## MATERIAL FOR THIS EXERCISE

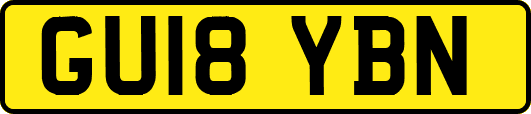 GU18YBN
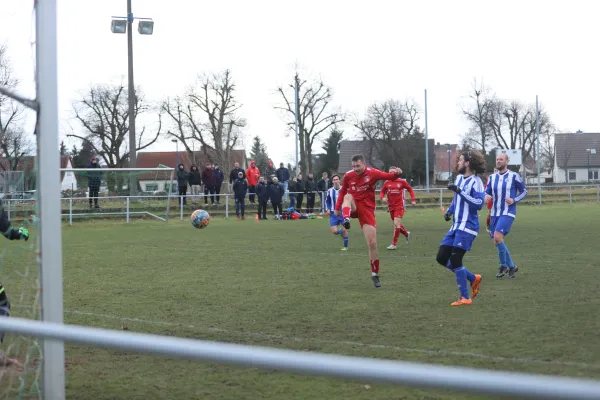 Heimspiel 04.03.2023 Dessauer SV 97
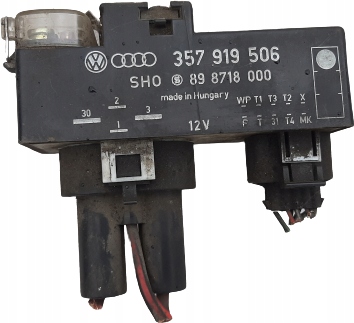 Реле вентиляторів vw sharan ford galaxy seat фото №1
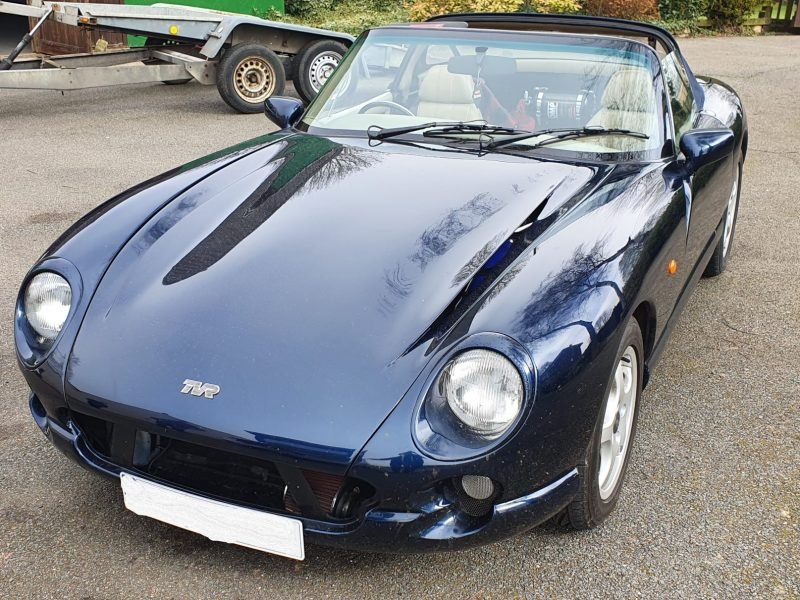 TVR Classic Car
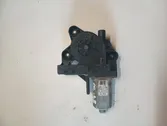 Front door window regulator motor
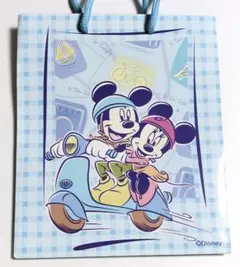 昭和レトロ　ディズニーショップ袋　希少 Disney - ディズニー ショッピング袋 ショッパー ショッピング
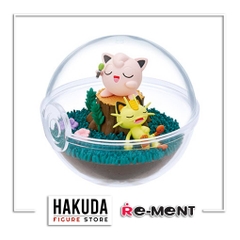 Pokemon Terrarium Collection 9 - Chính hãng Rement Nhật Bản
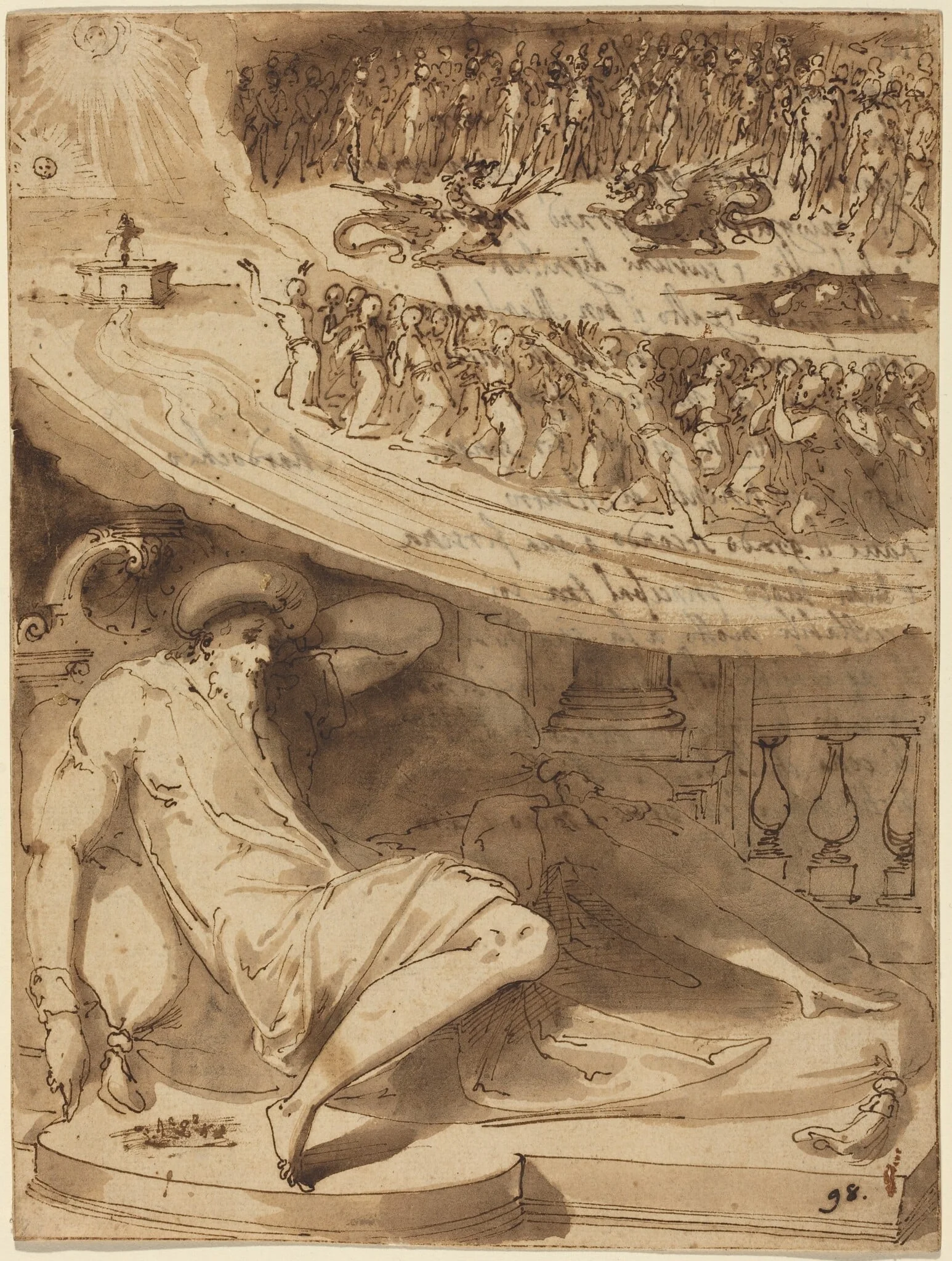 The Dream of Mordecai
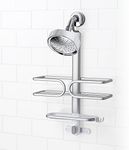 OXO Good Grips Compact Aluminum Shower Caddy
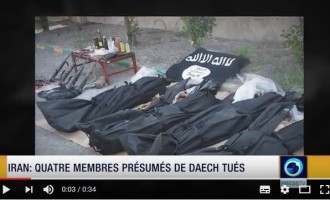 4 terroristes abattus par les forces iraniennes dans la province du Hormozgan (Iran)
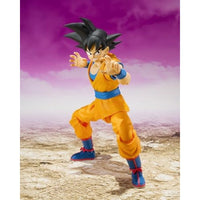 S.H.Figuarts 孫悟空-DAIMA-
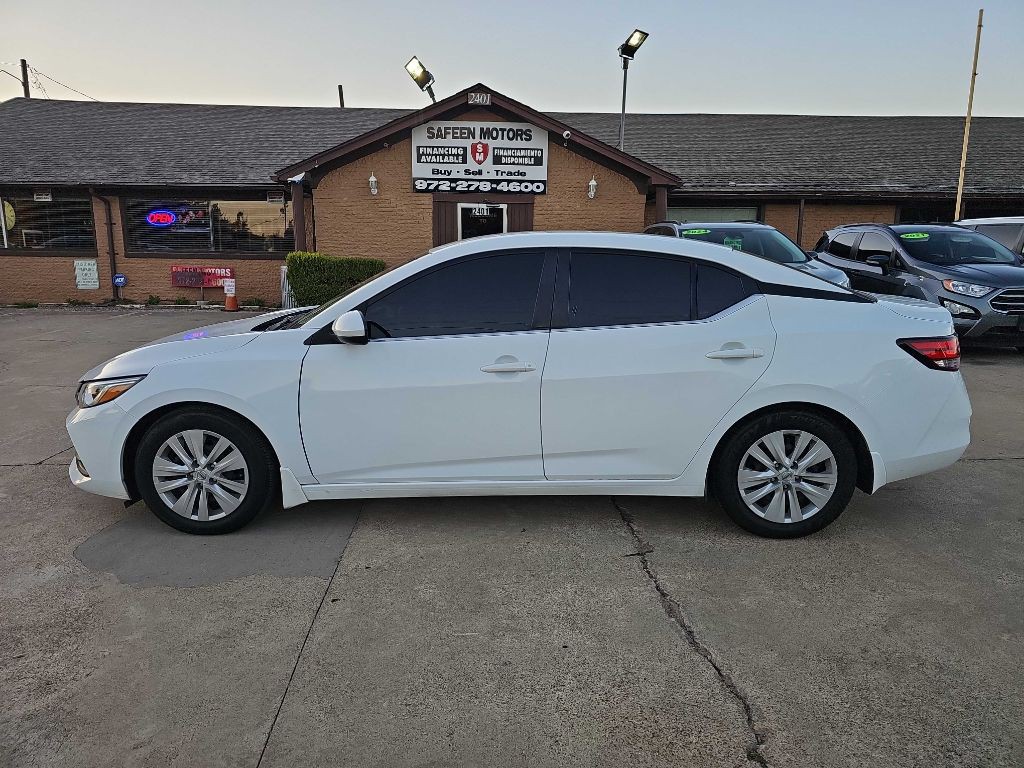 2022 Nissan Sentra Image 6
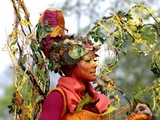 Echassières en féés lumineuses des 4 saisons
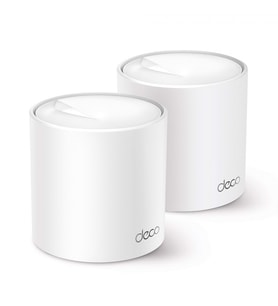 TP-LINK TP-LINK DECO X50 AX3000 DUAL BAND WIFI-6 MESH ROUTER 2-li PAKET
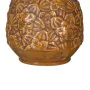 Vase Brown Ceramic 16,5 x 16,5 x 16 cm by BigBuy Home, Vases - Ref: S8805866, Price: 11,98 €, Discount: %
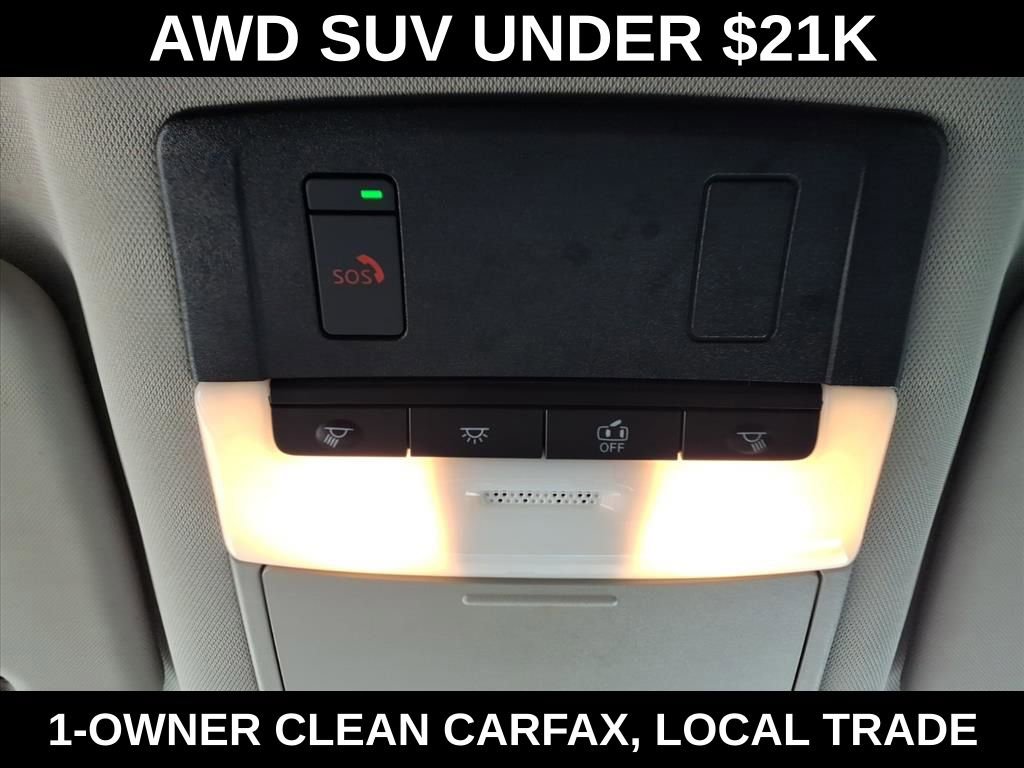 Used 2023 Nissan Rogue SV AWD/4WD image 25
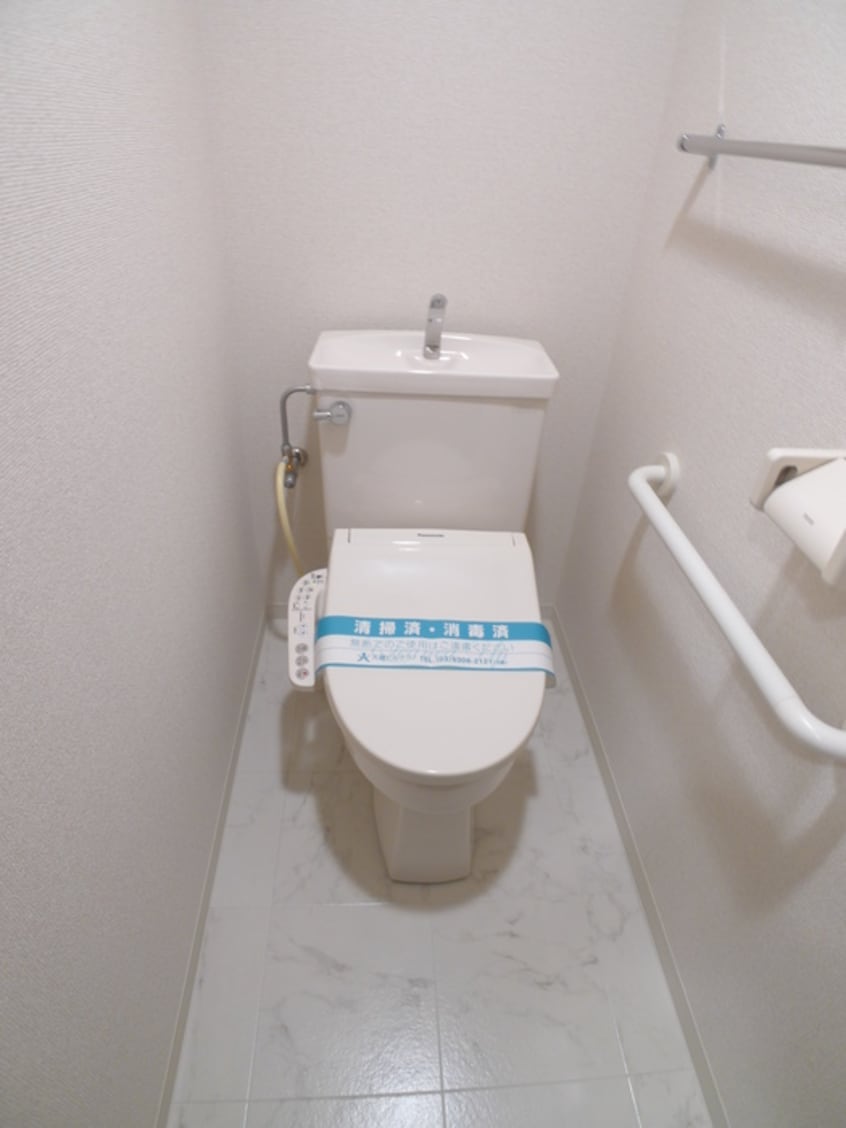 トイレ フロ－ラ稲毛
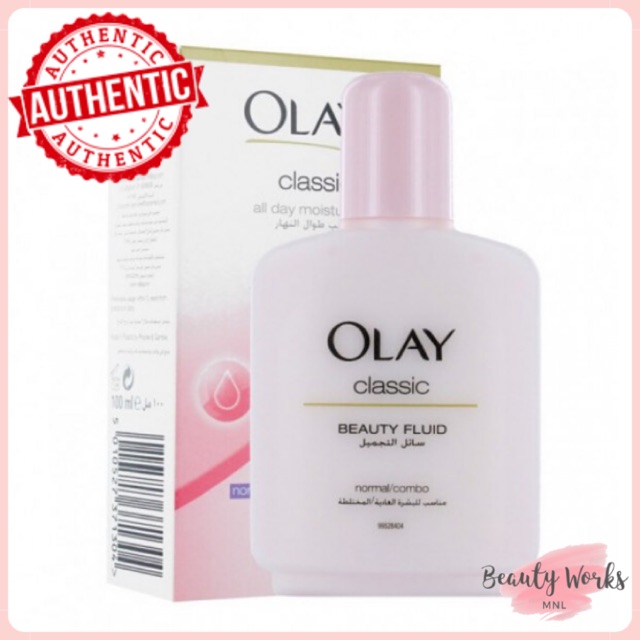 olay body fluid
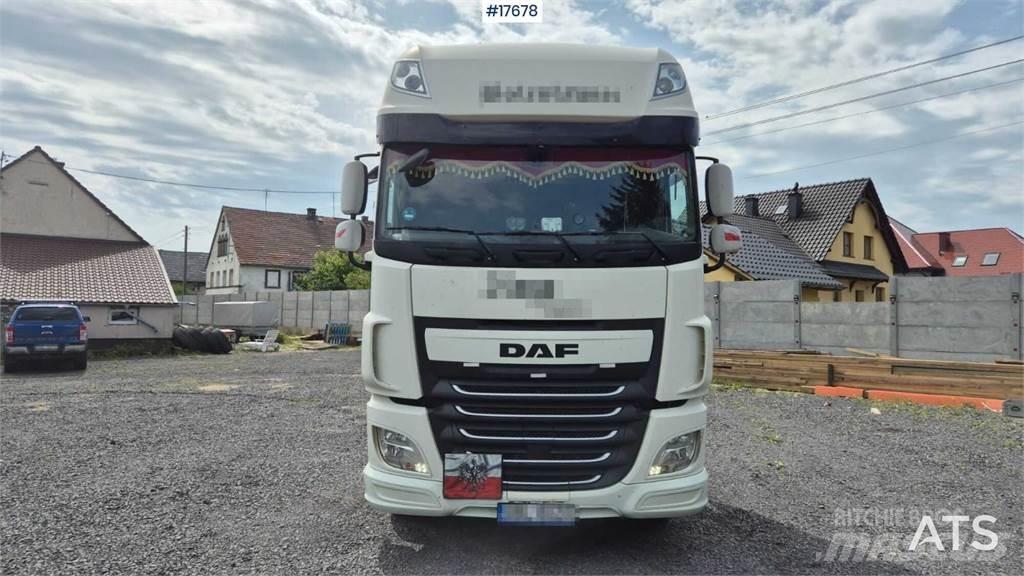 DAF XF 460 Tegljači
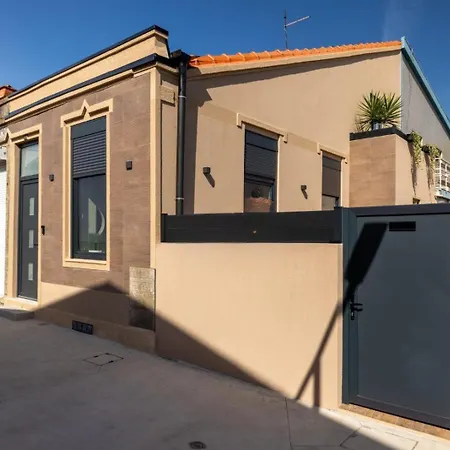 Riversea Homestay szállás Porto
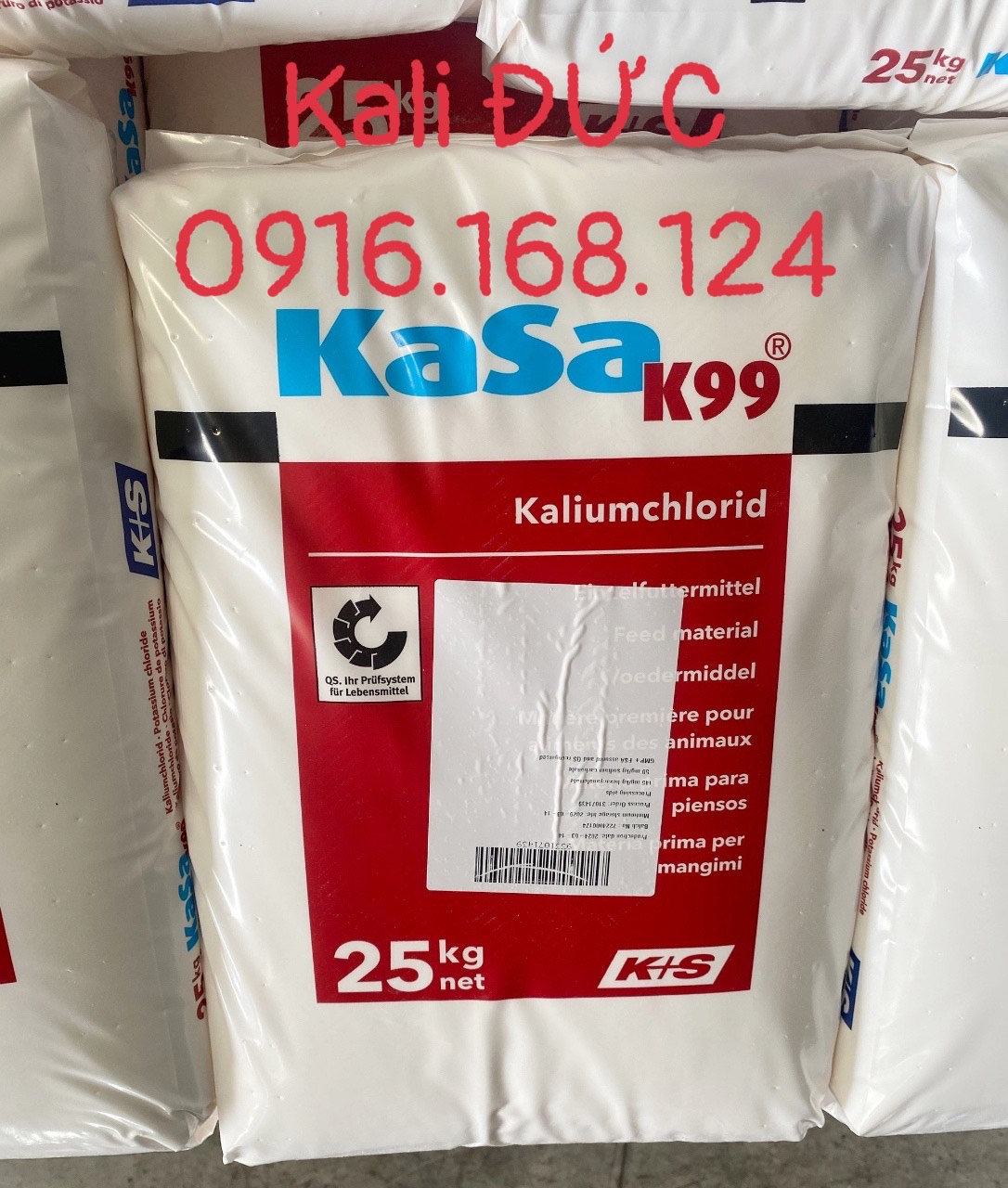 KaSa K99 – Kali Đức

## PROBLEM DESCRIPTION
Everything in the records except the pictures should be printed again exactly.

## YOUR SOLUTION
 GU18YBN
 Heimspiel 04.03.2023 Dessauer SV 97
 Реле вентиляторів vw sharan ford galaxy seat фото №1
 TVR Classic Car
 Front door window regulator motor
 昭和レトロ　ディズニーショップ袋　希少 Disney - ディズニー ショッピング袋 ショッパー ショッピング
 Pokemon Terrarium Collection 9 - Chính hãng Rement Nhật Bản
 The Dream of Mordecai
 OXO Good Grips Compact Aluminum Shower Caddy
 4 terroristes abattus par les forces iraniennes dans la province du Hormozgan (Iran)
 S.H.Figuarts 孫悟空-DAIMA-
 2022 Nissan Sentra Image 6
 Echassières en féés lumineuses des 4 saisons
 TP-LINK TP-LINK DECO X50 AX3000 DUAL BAND WIFI-6 MESH ROUTER 2-li PAKET
 Vase Brown Ceramic 16,5 x 16,5 x 16 cm by BigBuy Home, Vases - Ref: S8805866, Price: 11,98 €, Discount: %
 Used 2023 Nissan Rogue SV AWD/4WD image 25
 トイレ フロ－ラ稲毛
 olay body fluid
 DAF XF 460 Tegljači
 Riversea Homestay szállás Porto
 KaSa K99 – Kali Đức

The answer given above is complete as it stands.